There are a lot of things we don’t know that we don’t know, so how do we come to know what it is we’ve never known? All it takes is a problem and a question. A whisper of an idea sparked by a simple question, even one like, “What else could I do with this?” and then we’re off, with bright eyes and bright ideas! To teach creativity we have to invoke curiosity and teach the ability to ask good questions. That’s the start and the heart of this lesson where students get to practice their own ingenious ingenuity by solving problems; figuring out how to fly a funky little paper airplane on a tsunami of air; creating wild, wacky, and wondrous inventions; discovering how bikes are turned into blenders and soda bottles into bulbs; finding out that they’re a target, learning the power of a tiny touch of yellow, ad-ing things up, and much much more!
Once upon a time in ancient Greece,…okay, hydraulics isn’t actually part of a story about a seven headed serpent slobbering all over someone, as much fun as that would be, rather it is a branch of science and engineering that really gives kids a lift! Explore the wide world of hydraulics with students, learn about that rascal Pascal and his exploding barrels, create battle-bots that run on the power of water, and much much more.
The microwave oven is now an essential part of most kitchens when once it was considered a luxury only the very wealthy could afford. Now, everybody likes to use the microwave to pop popcorn, melt butter, or make hot chocolate. Unfortunately, most people still have no idea how their favorite popcorn popping machine even works! In this lesson students learn how it was all inspired by chocolate, meet the inventor, hypthesize and conduct experiments that will help them figure out how this miracle machine does its job, learn about waves, make soap grow, and deduce that with the help of a little chocolate and a microwave they too can measure the speed of light.
Welcome to the Harvest! In this fun lesson students make scarecrows come to life by building animatronic hands, creating incredible 3D art that jumps off the page, mapping out legends of a worldwide protector, and getting a scarecrow eye view of nature by crafting photographic poetry. It’s a lesson students will never forget!

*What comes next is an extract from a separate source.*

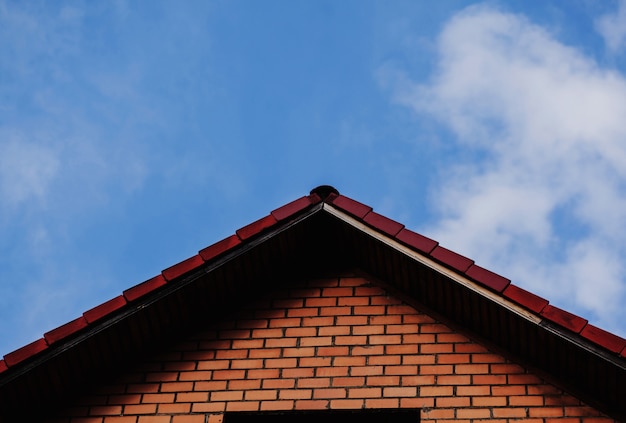 青い空を背景にレンガ造りの家 民家の屋根 プレミアム写真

Have you ever been "shocked" when you touched a doorknob, a car-door handle, or a water fountain? Ouch! Well, then you already know something about the effects of static electricity. What you might not know is how static electricity happens. Students get to explore the structure of atoms, learn how opposites attract, discover practical purposes for static, find out what's the biggest kind of static electricity, and see for themselves the shocking effects of static during hands-on experiments like the Super Sparker!
"catapult (n) - ancient device used for hurling cats at the enemy. It was later replaced by the rockapult, a much more effective weapon." Okay, that really isn’t true, probably, but seriously, weapons that once smashed castle and fortress walls are now great lessons in how basic mechanical principles can, and did, turn simple materials into very useful, effective, and protective tools. Students learn the power of simple machines like levers, spend some time with Newton's laws, and play with potential and kinetic energy while constructing and designing their own catapults.